• _Assignment_
Write out the listing below without alteration, omitting its pictures.

• _Data shown_
--
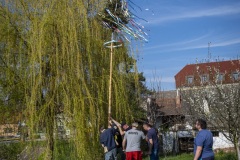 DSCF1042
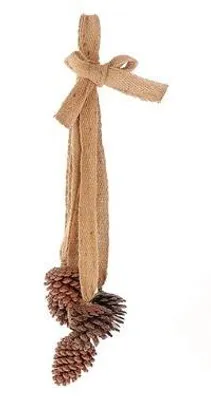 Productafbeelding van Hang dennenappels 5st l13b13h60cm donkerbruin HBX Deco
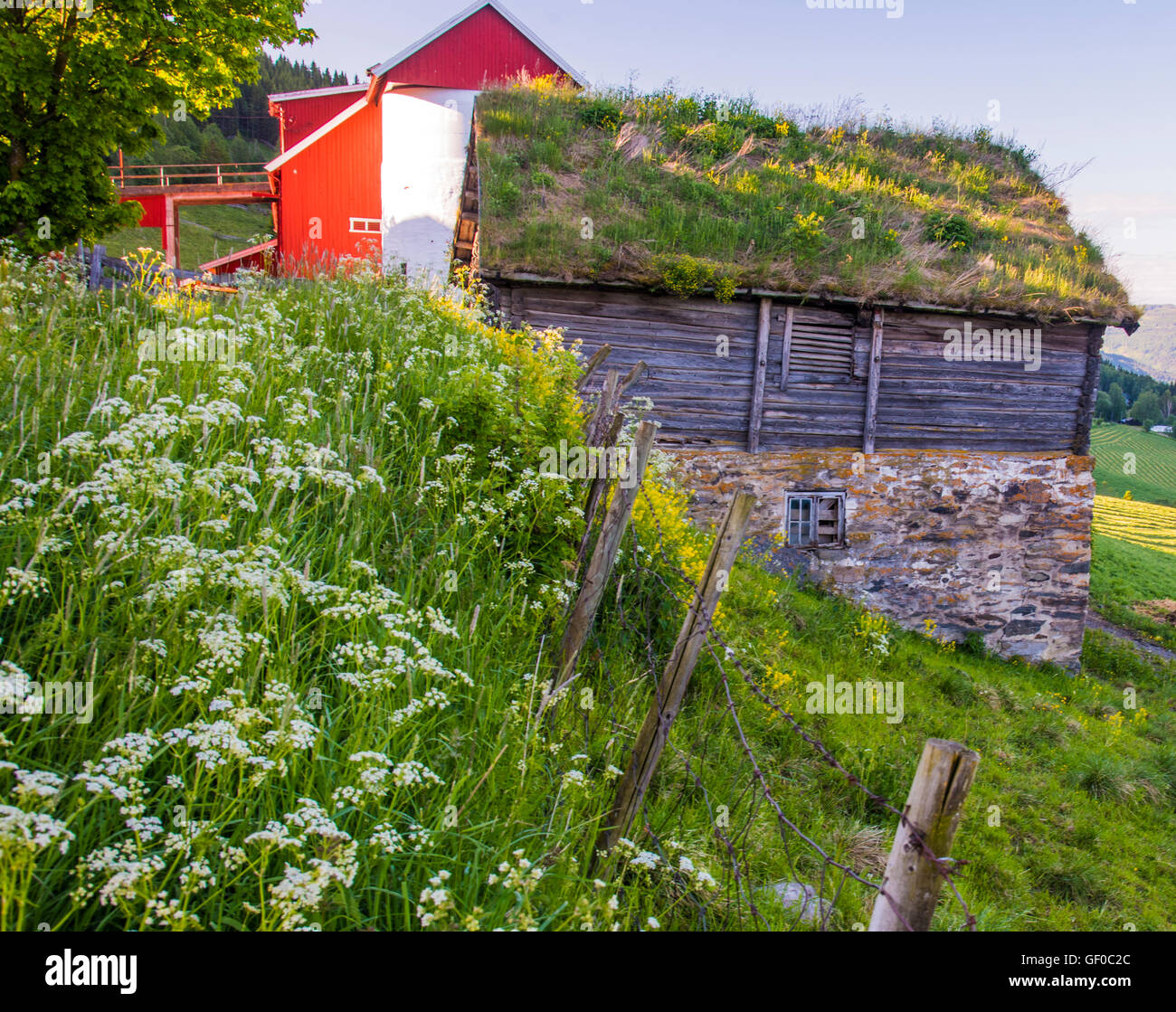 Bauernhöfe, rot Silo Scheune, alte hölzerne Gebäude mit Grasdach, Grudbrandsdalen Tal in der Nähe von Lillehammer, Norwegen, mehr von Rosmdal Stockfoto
--
• _Answer to the problem_
 DSCF1042
 Productafbeelding van Hang dennenappels 5st l13b13h60cm donkerbruin HBX Deco
 Bauernhöfe, rot Silo Scheune, alte hölzerne Gebäude mit Grasdach, Grudbrandsdalen Tal in der Nähe von Lillehammer, Norwegen, mehr von Rosmdal Stockfoto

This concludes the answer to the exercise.